Common view means two observers at two different locations observe the same GPS/BDS satellite at the same time. GPS/BDS common-view method is one of the main time comparison methods for long distance on earth so far. It is a system firstly used to make the time comparison between the atomic oscillators in international timing labs in 1983. With this method, the uncertainty of time transfer can reduce to very small value, may be as low as 3-5ns. Therefore, it can be used by the users who need time service accuracy as good as nanoseconds level in the field of aerospace and missile, and those who need to take ultra-high precision time/frequency synchronization measurements in 5G networks.
Here is the basic principle of GPS/BDS common-view method: Station A and B, which are to perform time transfer, receive a time signal from a GPS/BDS satellite S simultaneously.
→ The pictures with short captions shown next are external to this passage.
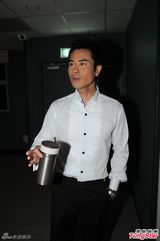 组图：胡杏儿与三视帝合作拍月历 今年放弃争视后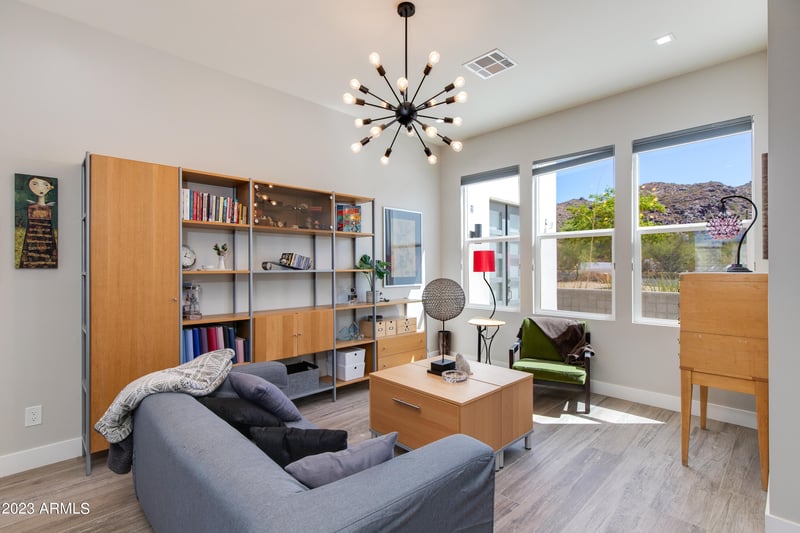 1718 E Beth Dr, Phoenix, AZ 85042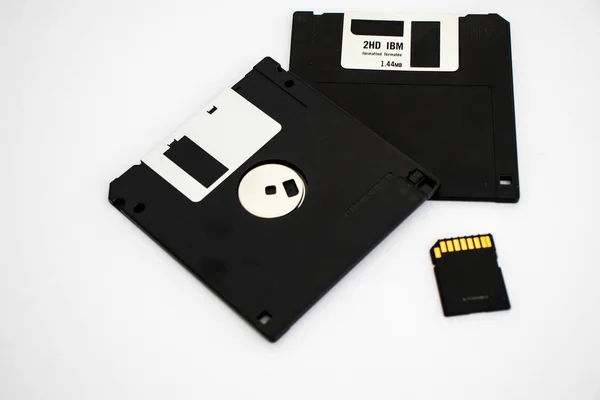 Oude Diskettes Geheugenkaart Witte Achtergrond Binnenshuis — Stockfoto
Let the reception times of the stations be T(A) and T(B); the propagation delay from station A and the satellite S is d(A), and the propagation delay from station B and the satellite S is d(B); △TAS is the time difference between the station A and the satellite S, △TBS is the time difference between the station B and the satellite S, thus △TAS and △TBS can be expressed as follows respectively:
△TAS=T（A）-T（S）- d（A） （1）
△TBS=T（B）-T（S）- d（B） （2）
By calculating the difference between formulas (1) and (2), time transfer can be performed using the GPS/BDS signals as an intermediary.
As described above, the GPS/BDS common-view method cancels out satellite clock error and most of the propagation delay, and performs highly precise time transfer by ensuring that the stations that are to perform time transfer receive the signal from a single satellite simultaneously.